Word for word and without images, reproduce the listing that follows.

DATASET EXTRACT:
<<<<

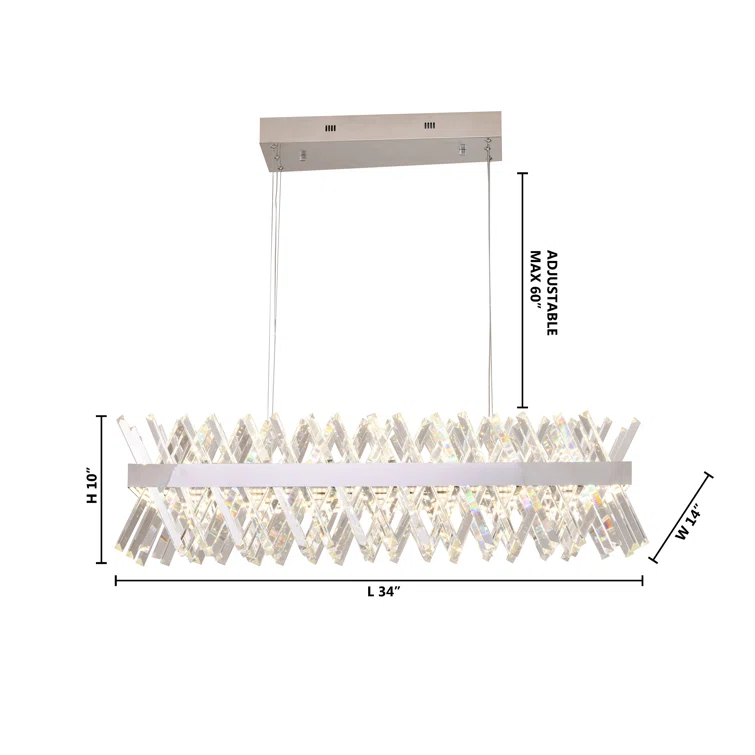 Bethel 34" Chrome Crystal LED Chandelier with Adjustable Cord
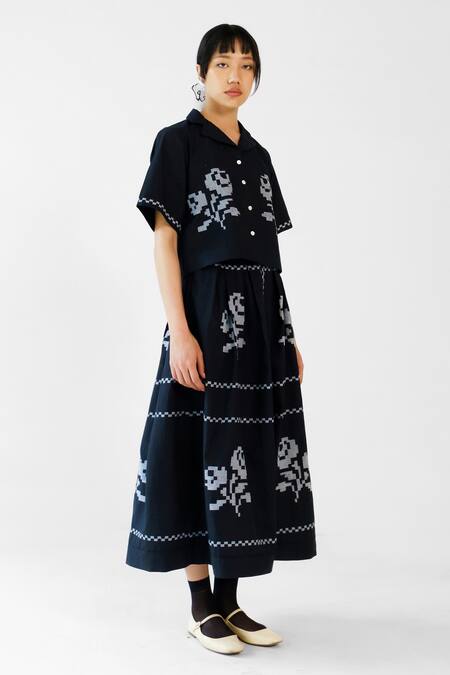 Shop_Merakus_Black Cotton Embroidery Collared Cross Stitch Skirt Top Set _Online_at_Aza_Fashions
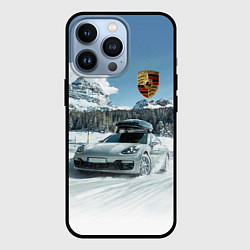 Чехол iPhone 13 Pro Porsche on a mountain winter road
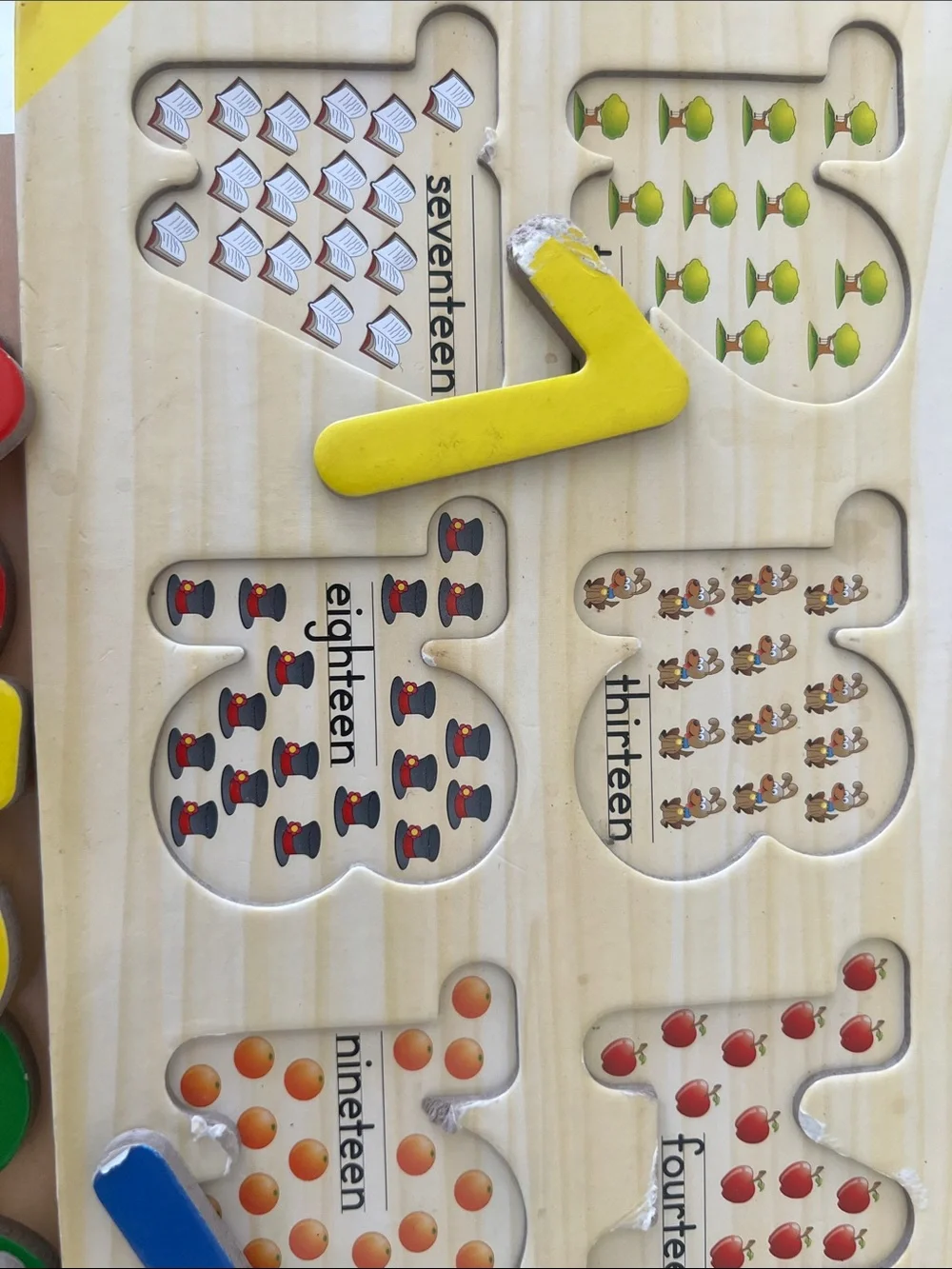 Wooden Number & Animal Puzzle Board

>>>>

RESPONSE:
 Bethel 34" Chrome Crystal LED Chandelier with Adjustable Cord
 Shop_Merakus_Black Cotton Embroidery Collared Cross Stitch Skirt Top Set _Online_at_Aza_Fashions
 Чехол iPhone 13 Pro Porsche on a mountain winter road
 Wooden Number & Animal Puzzle Board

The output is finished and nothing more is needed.